Dass dies im realen Leben aber eine extreme Knochenarbeit war, die einige hundert Mann benötigt hat, das will ich hier an meiner Victory vorstellen.

Technik

Auf großen Schiffen wurden die Anker meist durch zweistöckige Spills bedient.

So konnten auf der einen Ebene bis zu 120 Mann stolperfrei drehen, und auf dem anderen Deck konnte ohne Behinderung das Kabel bedient werden. Dazu wurden bei Bedarf die Spaken in den Kopf gesteckt, die zusätzlich durch ein umlaufendes Tau – Swifter genannt - stabilisiert wurden.

So konnten an jeder Spake bis zu zehn Mann drücken und am Swifter nochmals zwei ziehen, insgesamt 120 Mann.

Was an Deck im Weg war, wurde beiseite geschoben – wie die Geschütze - ...

... oder die Stützen der Deckenbalken, die kurzerhand für die Dauer der Aktion mit einer Art Wagenheber ausgebaut wurden.

Um die Spills gegen Rückschlag zu sichern, befinden sich in der Basis die Pallen, eiserne Flügel, die in ein Lochraster der Bodenplatte greifen. Wenn die Drehrichtung des Spills umgedreht wurde, dann ließen sich diese Pallen einfach auf die andere Seite umlegen.

Die Drehrichtung ist immer von unten nach oben. Die unbelasteten Kabel liegen unten auf, während sich die belasteten Kabel langsam bis zur eingebauten Kante hocharbeiten.

Anker werfen

Schon für das Anker werfen waren umfangreiche Vorbereitungen nötig. Auf der Back - dem vorderen oberen Deck - waren einige Dutzend Herren damit beschäftigt, die Anker loszulaschen ...

... und an den Kranbalken / Cathead hängend zu platzieren. Dabei sind einige Tonnen Gewicht nur mit Muskelkraft über Flaschenzüge zu bewegen.

HMS Victory

(Bild NMM)

Derweilen war auf dem unteren Deck über eine Hundertschaft damit beschäftigt, das schwere und störrische Ankerkabel aus der Kabellast ein Deck tiefer zu holen und in langen Schlaufen auf dem Deck auszulegen.

Zuletzt wurde noch eine Schlaufe um die Beting gelegt, das große „Festmachholz“ ...

... da dies aber alleine nicht gehalten hätte, wurde das Ankerkabel noch durch eine Vielzahl von Stoppern zusätzlich gesichert.

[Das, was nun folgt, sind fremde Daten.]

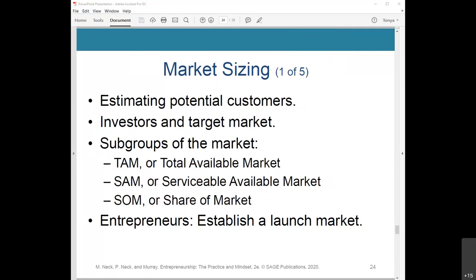Estimating the number of potential customers is part of market sizing. Market sizing is a method of estimating that potential number and the possible revenue or profitability of a product or service. It's important for investors to see the market you intend to target. If you can't prove a good chance of penetrating the local market, they'll be unable to see the growth potential of your business. Investors will want to see that you've thought through three important acronyms representing different subgroups of the market: TAM, SAM, and SOM.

Die Deckstopper, an Ringen im Deck befestigt und am Kabel angelascht ...

... die Bitstopper, die an der Beting befestigt sind ...

... und die Dogstopper, die die Kabelschlaufe um die Beting sichern, indem sie das Kabel davor und danach zusammenspannen.

Wenn jetzt der Befehl kam, „Anker los“, dann wurde die Halterung am Kranbalken freigegeben und der Anker rauschte in die Tiefe. Das heißt, das in Schlaufen ausliegende Kabel rauschte durch die Ankerklüsen hinterher - da möchte ich lieber nicht in der Nähe des Kabels gewesen sein. Auch wenn der Anker im Wasser langsamer sinkt als er in der Luft fällt, die dort wirkenden Kräfte dürften schon beachtlich gewesen sein. Da das Kabel immer länger als die Wassertiefe ist, wird es nach Grundkontakt des Ankers noch weiter auslaufen, bis es durch die Schlaufe um die Beting und die Stopper abrupt gebremst wird. Das gibt bestimmt einen guten Ruck durch die gesamte kinetische Energie. Gleichzeitig wird das Schiff mit backgestellten Segeln „rückwärts“ gesegelt, damit der Zug auf das Kabel den Anker gut im Boden eingräbt. Erst dann steht das Schiff.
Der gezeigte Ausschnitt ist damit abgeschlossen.